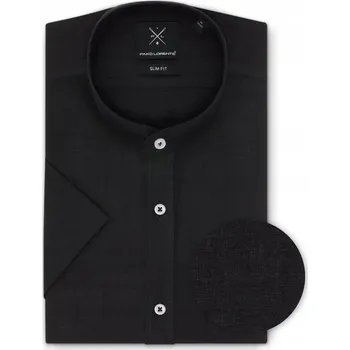 Černá lněná pánská košile s krátkým rukávem Pako Lorente vel M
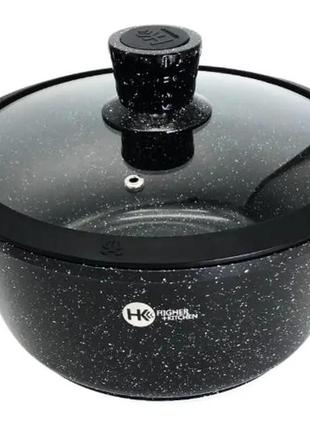 Набір посуду з гранітним покриттям із силіконовими кришками чорний (10 предметів) higher kitchen нк-3249 фото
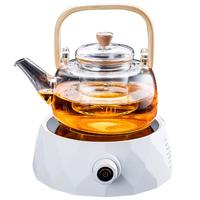 电陶炉煮茶器家用玻璃茶具套装功夫蒸煮茶壶泡茶器养生电茶炉烧水壶 电陶炉（钻石白）+900竹把提壶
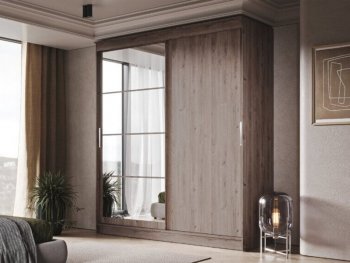 Шкаф-купе 2000 мм Гранд-1 ЛДСП/Зеркало, дуб горный (Эра) в Краснотурьинске - krasnoturinsk.mebel-e96.ru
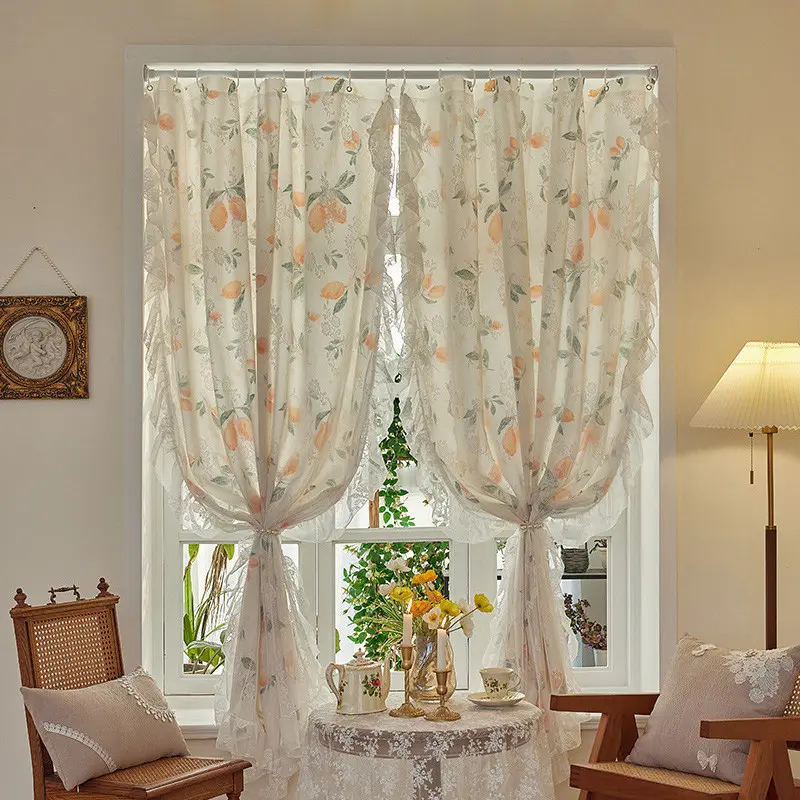 Rèm vải che sáng, ren, không đục lỗ, cho cửa, rèm trang trí nội thất 2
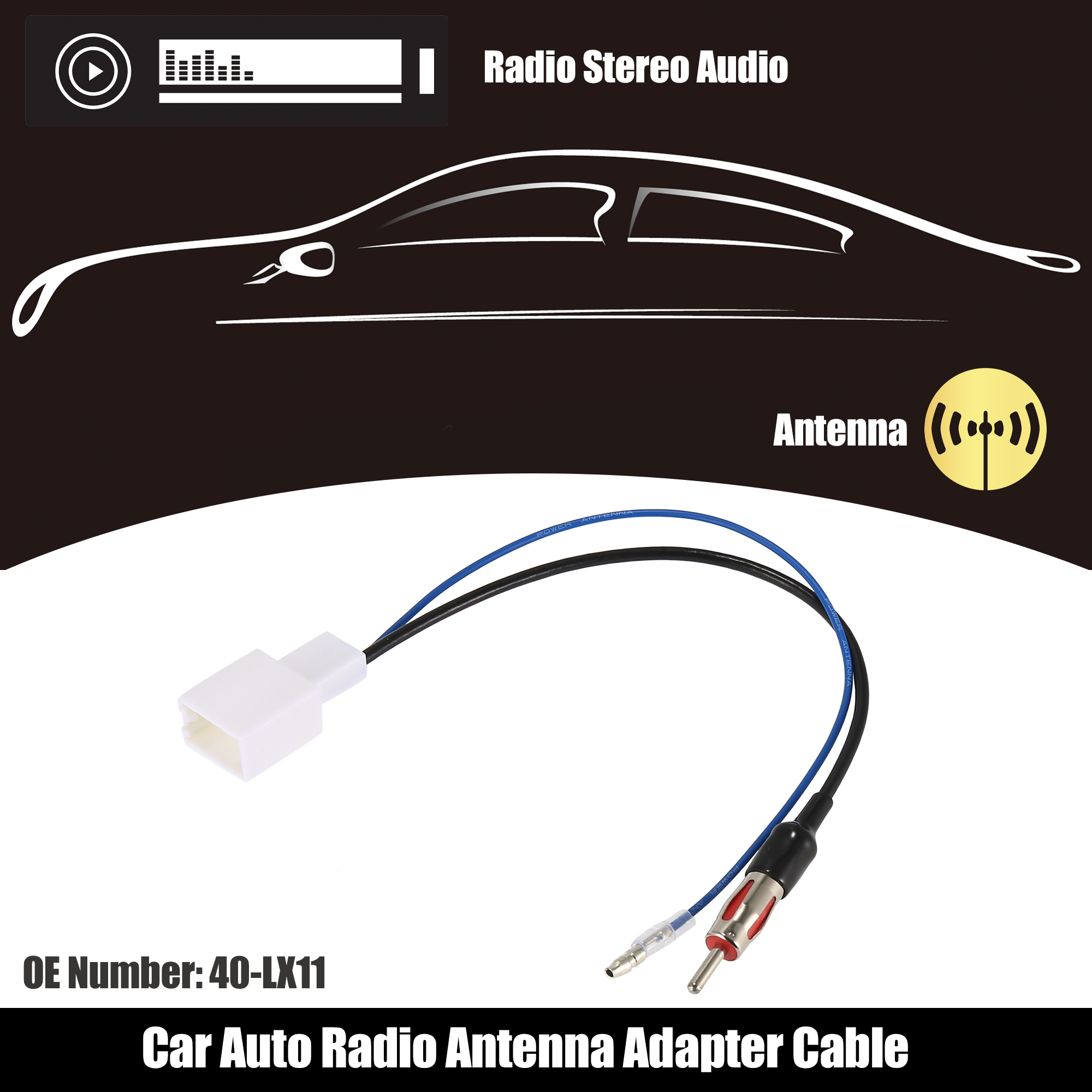Unique Bargains Car Radio Auto Antenna Adapter to Antenna Terminal Plug Connector Cable FM AM Stereo Audio for Lexus for Toyota 2006-Up 40-LX11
____________
The answer must consist solely of the lines from the line containing "Rèm vải che" to the end of the data, reproduced exactly, with every picture left out.

 Rèm vải che sáng, ren, không đục lỗ, cho cửa, rèm trang trí nội thất 2
Unique Bargains Car Radio Auto Antenna Adapter to Antenna Terminal Plug Connector Cable FM AM Stereo Audio for Lexus for Toyota 2006-Up 40-LX11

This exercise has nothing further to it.